EXERCISE REQUIREMENTS
Pictures stay out of the copy. Repeat exactly the lines from the first entry below through the line that contains "Ironing Board Wall", and nothing beyond.

= Beginning of Section =

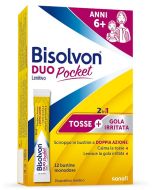 Bisolvon Duo Pocket Lenitivo per Tosse e Mal di Gola 12 Bustine
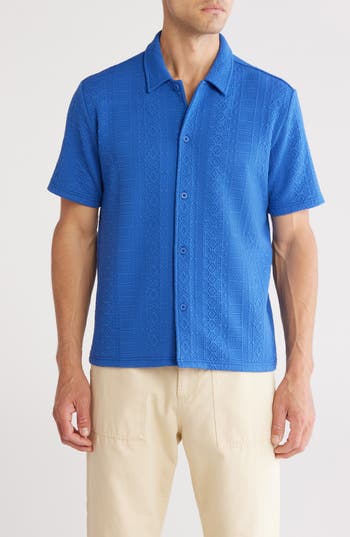 Fleece Factory Geometric Jacquard Button-up Shirt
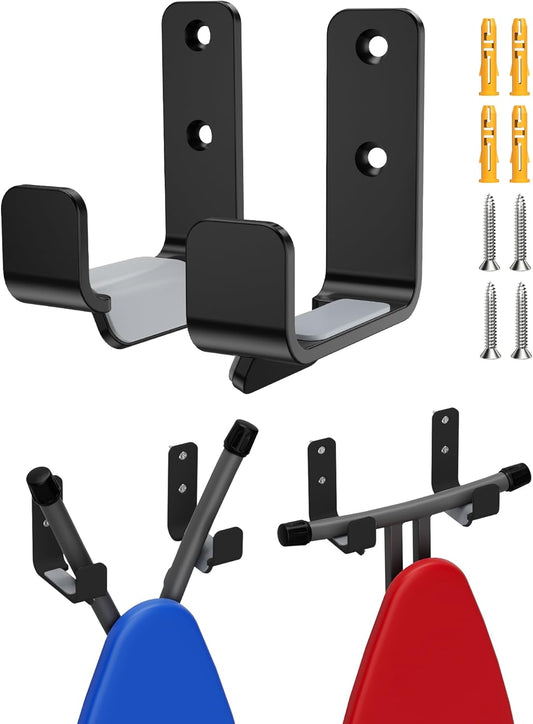 Ironing Board Wall Mount, Stainless Steel Ironing Board Hanger for Laundry Room, Adjustable Distance Holder Hook Wall Mount, Black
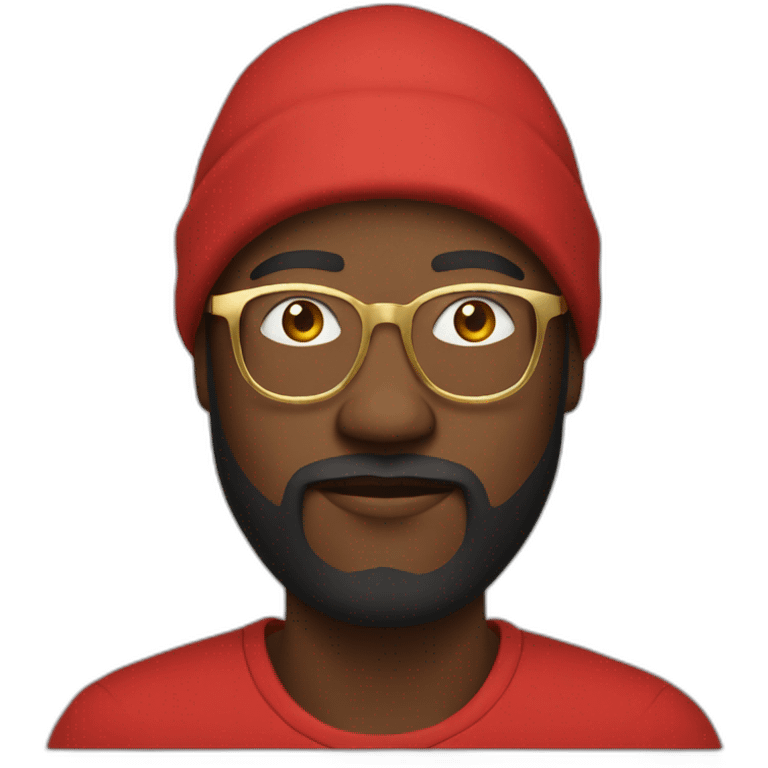 black man with beard, red hoodie on head, and gold framed glasses emoji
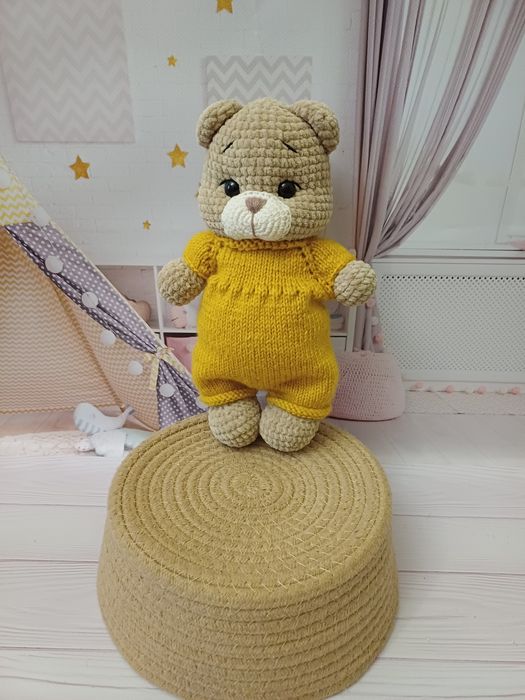 В'язаний ведмедик, плюшевий, м'яка іграшка, пряжа, Himalaya,  Dolce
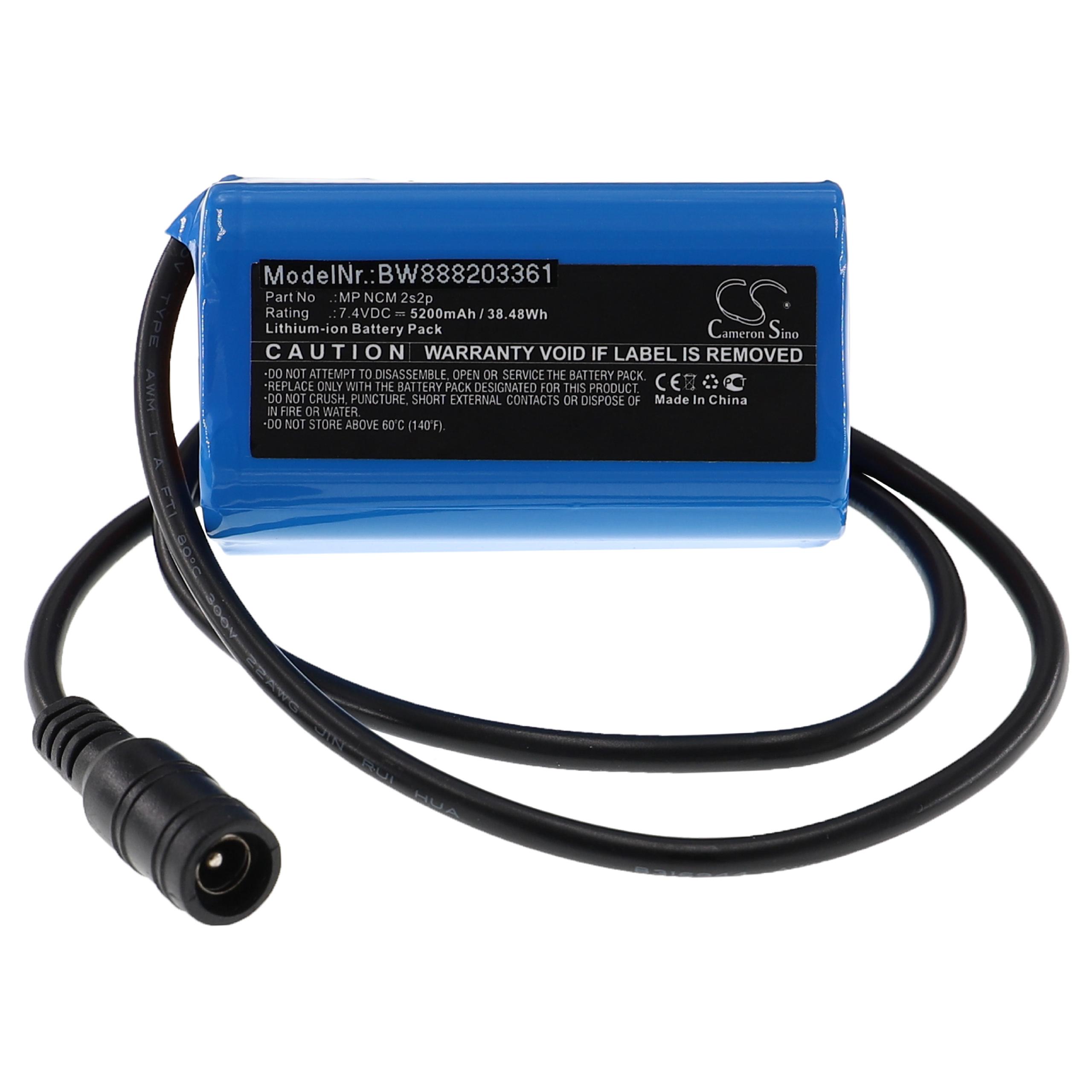 Vhbw Bloc de batteries pour lampes de vélo éclairage phare (9000mAh, 8 Vhbw Bloc de batteries pour lampes de vélo éclairage phare (9000mAh, 8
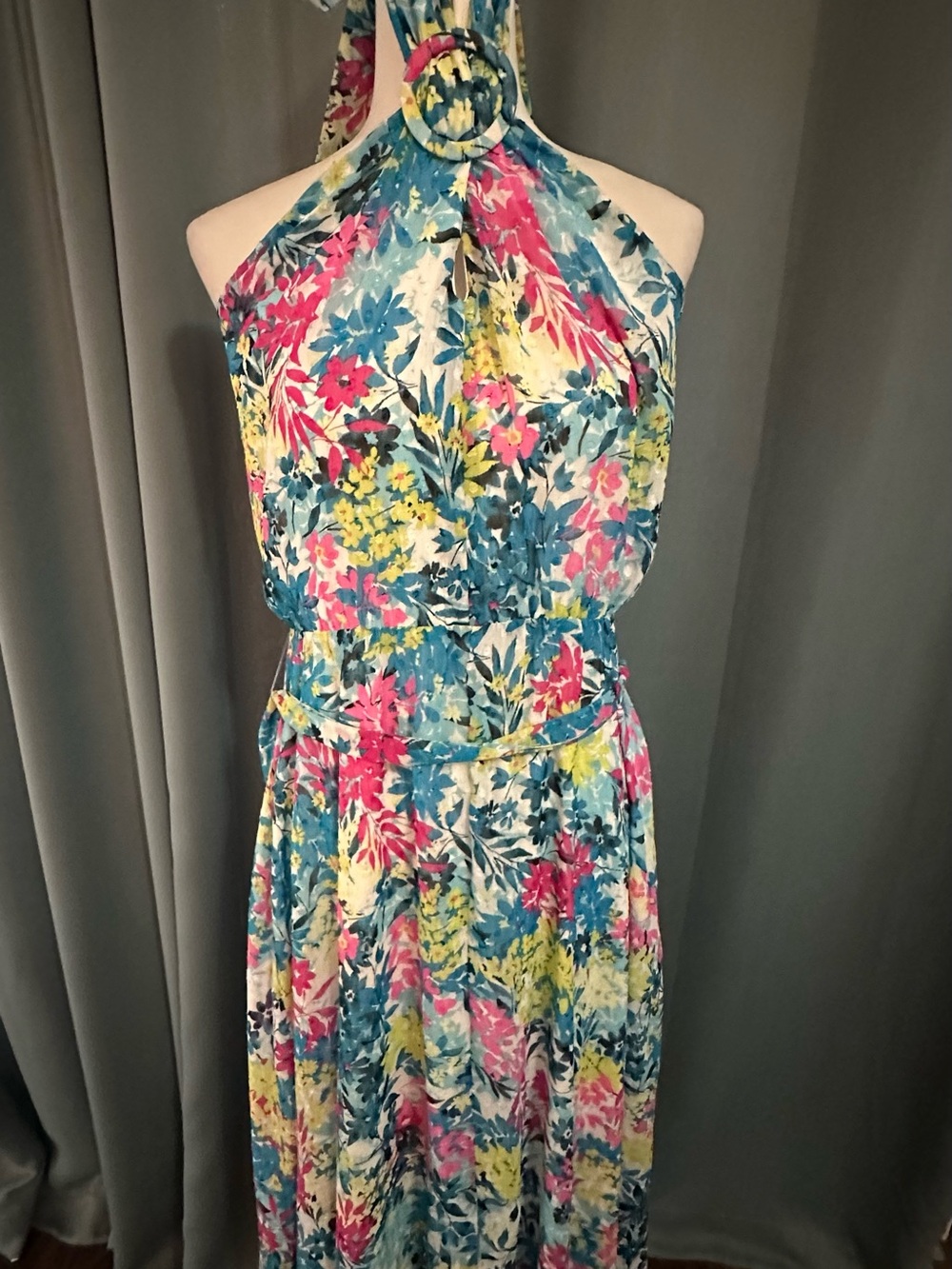 Anne Klein Floral Halter Midi Dress Blue Multi Tie Waist NWT Women's 12 - Picture 2 of 11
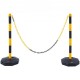 Buy Traffic Post 2 Pieces Boundary Post with Fillable Base Adjustable Height Traffic Cone Long Chain 2.4m for Traffic Control Construction Site Parking Lot Yellow and Black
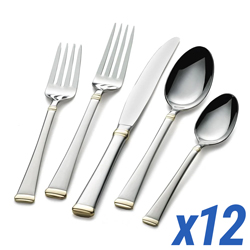 A photo of Gold Accent Harmony 65 Piece Service for 12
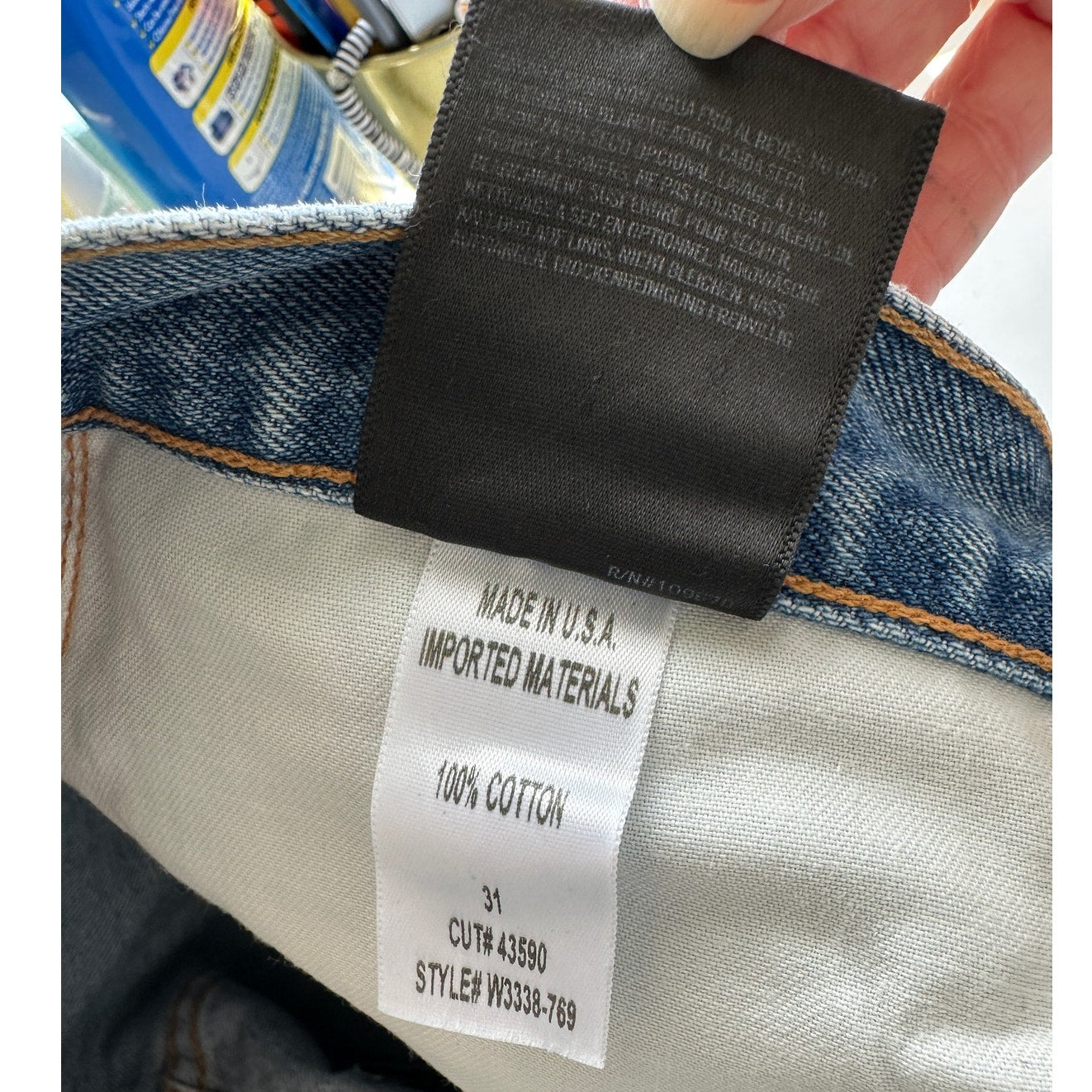 Goldsign Medium Light Wash Straight Leg Gold Button Fly Denim Jeans 31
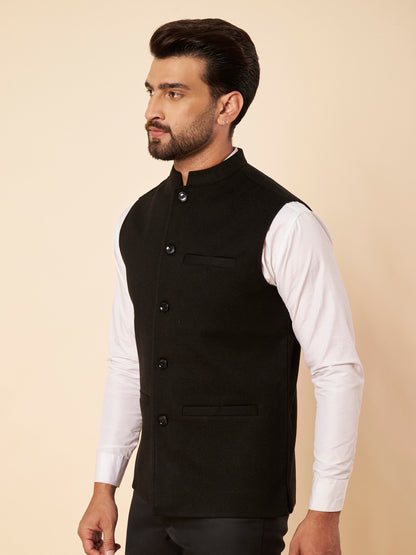 Men's Tweed Nehru Jacket | Black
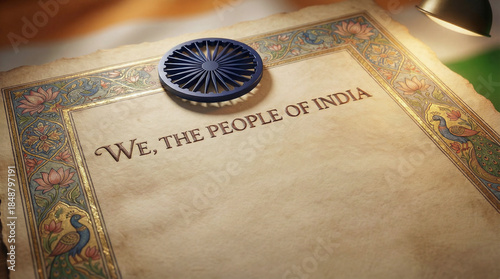 Indian Constitution Preamble Quote We The People Of India on Vintage Parchment with Ashoka Chakra and Peacock Border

= End of Section =

RESPONSE
 Bisolvon Duo Pocket Lenitivo per Tosse e Mal di Gola 12 Bustine
 Fleece Factory Geometric Jacquard Button-up Shirt
 Ironing Board Wall Mount, Stainless Steel Ironing Board Hanger for Laundry Room, Adjustable Distance Holder Hook Wall Mount, Black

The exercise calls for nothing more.